All that is wanted is the lines from the first line of the listing below through the line containing "Anyway, so what", written out exactly with pictures left out.

== Collected material ==
*****
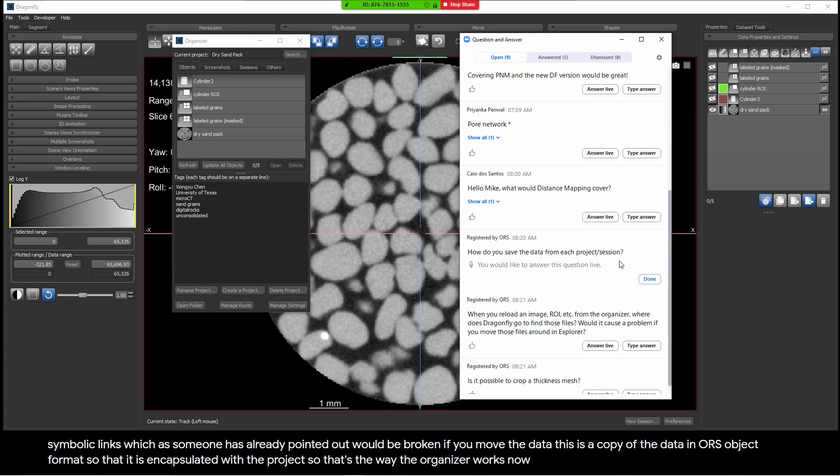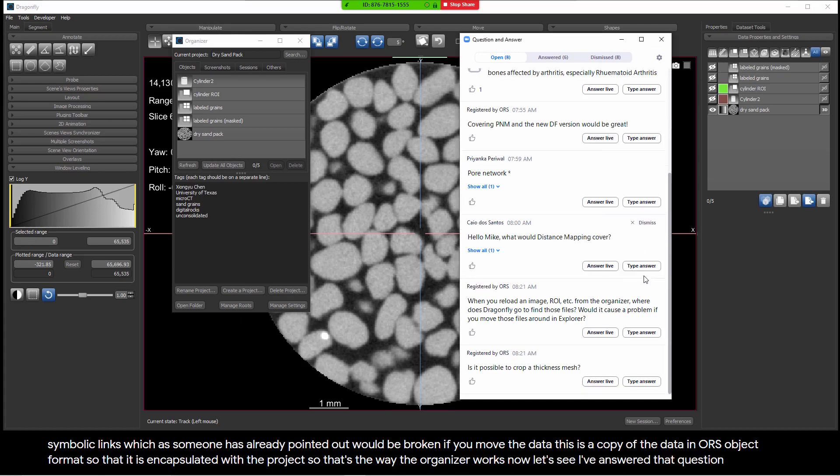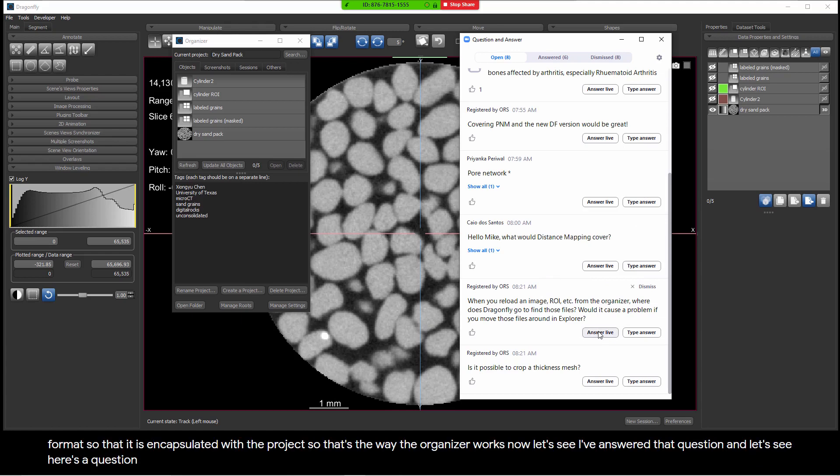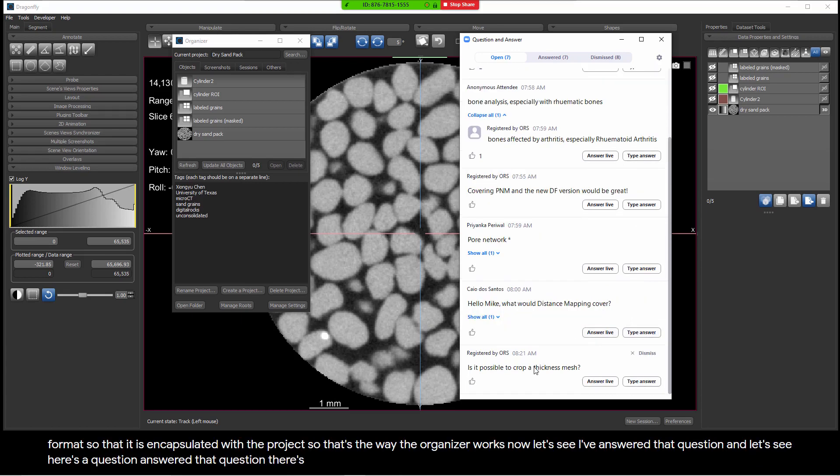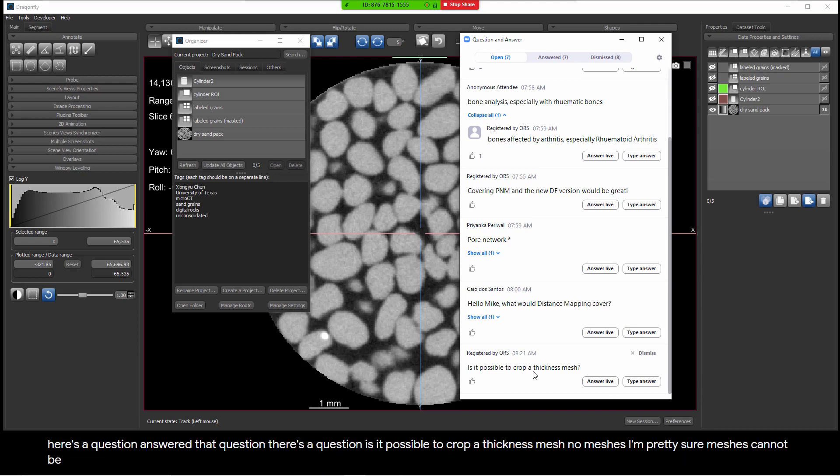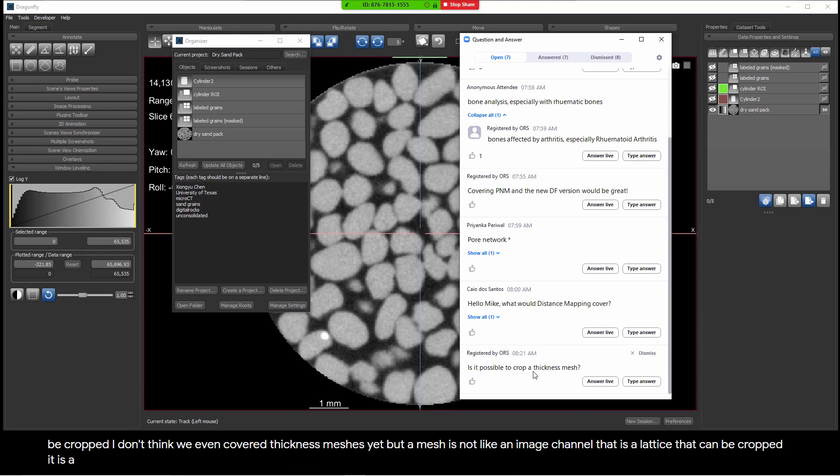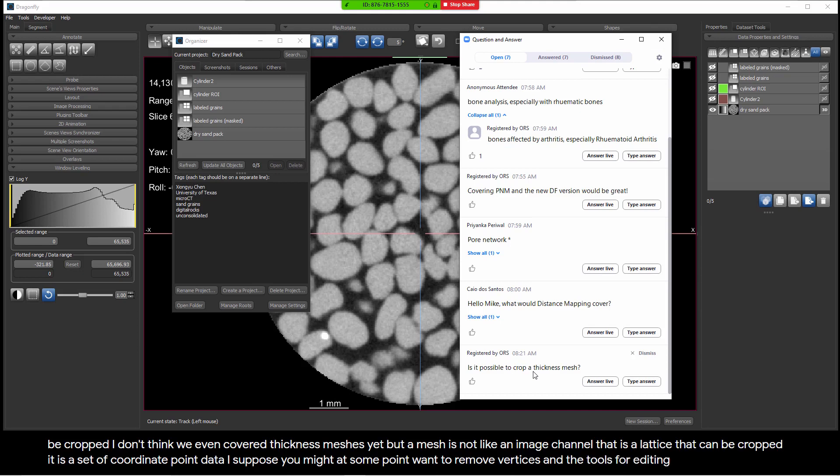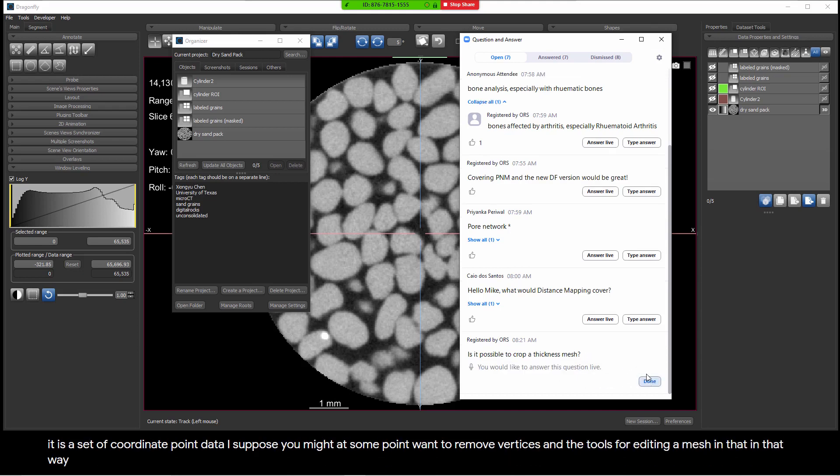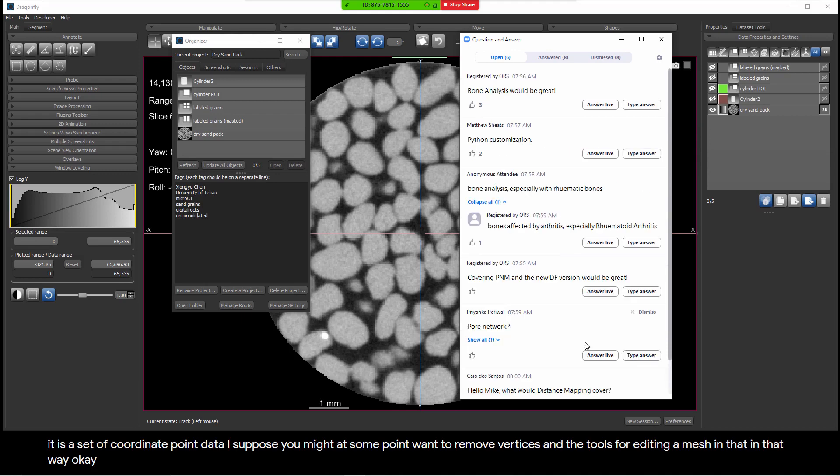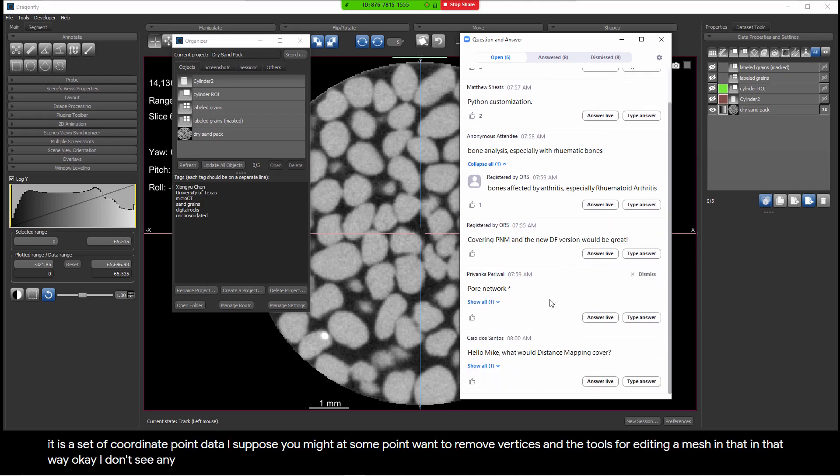Here's a question. Is it possible to crop a thickness mesh? No, meshes, I'm pretty sure meshes cannot be cropped. I don't think we even covered thickness meshes yet, but a mesh is not like an image channel that is a lattice that can be cropped. It is a set of coordinate point data. I suppose you might, at some point, want to remove vertices and the associated triangles, but I don't think we have any tools for editing a mesh in that way.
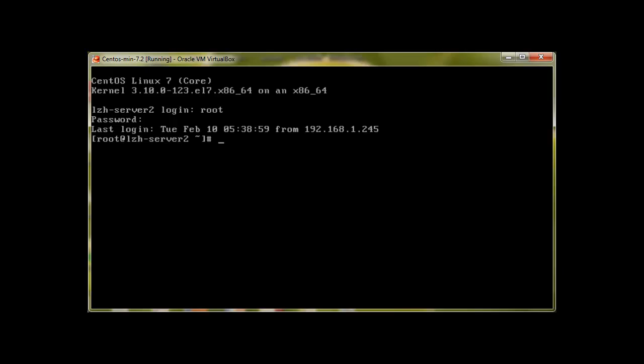Anyway, so what does YUM do? It's basically if you need to download anything, let me download something. Let's say I would like to download WGET. WGET is another utility.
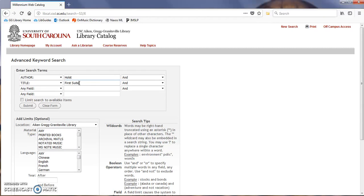It doesn't need to be the complete title, and don't worry if you don't know the opus number. Under Add Limits, make sure that you select Notated Music, then click Submit.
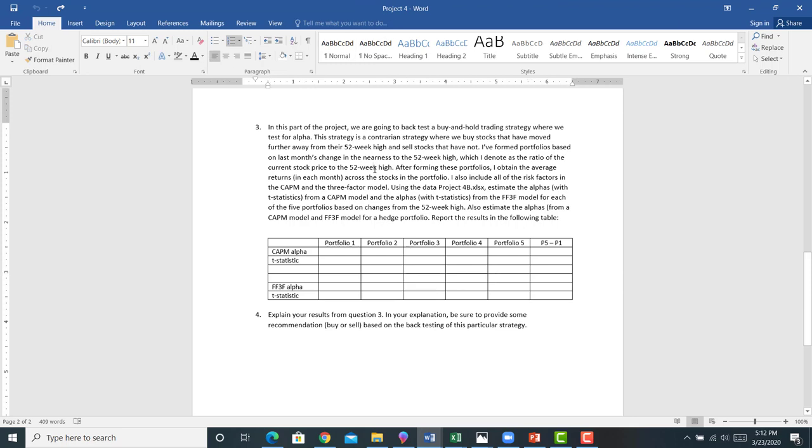Pretty straightforward. You're just going to estimate a bunch of regressions. You're going to report a bunch of alphas, a few betas, and then you're going to have to interpret what those alphas mean.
*****
== Completed task ==
Here's a question. Is it possible to crop a thickness mesh? No, meshes, I'm pretty sure meshes cannot be cropped. I don't think we even covered thickness meshes yet, but a mesh is not like an image channel that is a lattice that can be cropped. It is a set of coordinate point data. I suppose you might, at some point, want to remove vertices and the associated triangles, but I don't think we have any tools for editing a mesh in that way.
Anyway, so what does YUM do? It's basically if you need to download anything, let me download something. Let's say I would like to download WGET. WGET is another utility.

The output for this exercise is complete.